Rwanda bukanlah negara yang baru saja merasakan dampak dari ketegangan ini. Sejak awal tahun, pertempuran antara M23 dan angkatan bersenjata DRC telah menyebabkan sekitar 7.000 kematian. Lebih dari 850.000 orang terpaksa meninggalkan rumah mereka akibat meningkatnya konflik, menurut laporan dari UNICEF, badan anak-anak PBB. Dalam dua bulan terakhir, M23 berhasil mengambil alih dua kota kunci, Goma dan Bukavu.

Konflik ini semakin rumit ketika Uni Eropa menjatuhkan sanksi terhadap tiga komandan militer Rwanda berdasarkan dugaan keterkaitan mereka dengan M23. Sanksi ini termasuk pembekuan aset dan diterapkan kepada kepala badan pertambangan negara Rwanda, yang dituduh mengeksploitasi konflik di DRC untuk mengambil sumber daya bernilai dari daerah yang kaya mineral.

Berita ini datang menjelang pertemuan antara pemerintah DRC dan pemberontak M23 yang dijadwalkan berlangsung.
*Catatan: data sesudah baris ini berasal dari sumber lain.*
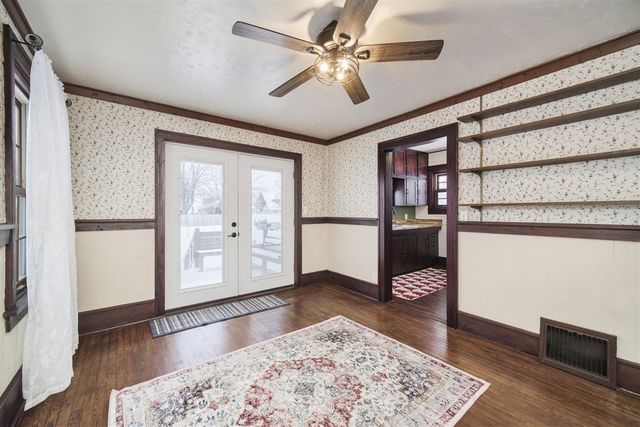 815 E Filer Street, Ludington, MI 49431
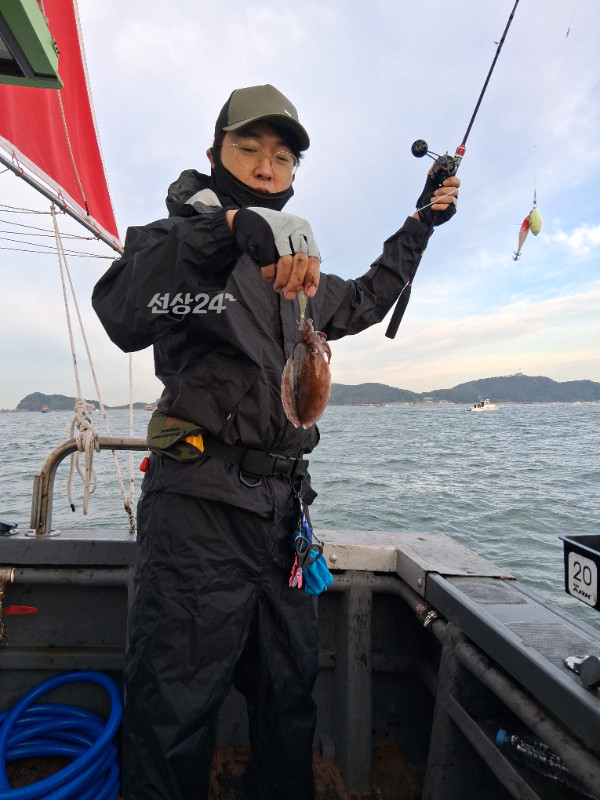 KakaoTalk_20261003_164915164_20.jpg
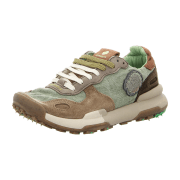 Satorisan Bequeme Schnürschuhe für Herren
Namun, pada hari yang sama, para pemberontak mengumumkan bahwa mereka tidak akan berpartisipasi dalam pertemuan tersebut, dengan alasan bahwa lembaga-lembaga internasional tertentu telah mengganggu upaya perdamaian.

Pernyataan Presiden Rwanda, Paul Kagame, menambah intensitas ketegangan antara kedua negara. Dalam pidato yang disampaikan, ia mempertanyakan posisi Belgia dalam urusan Rwanda, bertanya, “Siapa mereka sebenarnya? Siapa yang menempatkan mereka di posisi mengawasi kami?” Kagame mengekspresikan rasa frustrasinya terhadap anggapan bahwa kekuatan asing berhak menilai dan mengatur tindakan negaranya.

Ketegangan diplomatik ini merupakan bagian dari konteks yang lebih luas mengenai konflik di kawasan Great Lakes Afrika, yang mencakup banyak isu mulai dari sejarah kolonial hingga kekuasaan regional saat ini. Langkah Rwanda untuk memutuskan hubungan dengan Belgia mengindikasikan bahwa negara tersebut bertekad untuk mengukuhkan kedaulatannya dan menolak intervensi asing dalam urusan dalam negeri.

Dengan latar belakang ini, perkembangan hubungan antara Rwanda dan Belgia perlu diperhatikan, mengingat ketegangan yang semakin meningkat dan dampaknya terhadap stabilitas kawasan serta arus pengungsi yang mencapai angka signifikan. Akan menarik untuk melihat langkah-langkah selanjutnya yang diambil oleh kedua negara dan bagaimana komunitas internasional akan bereaksi terhadap situasi ini.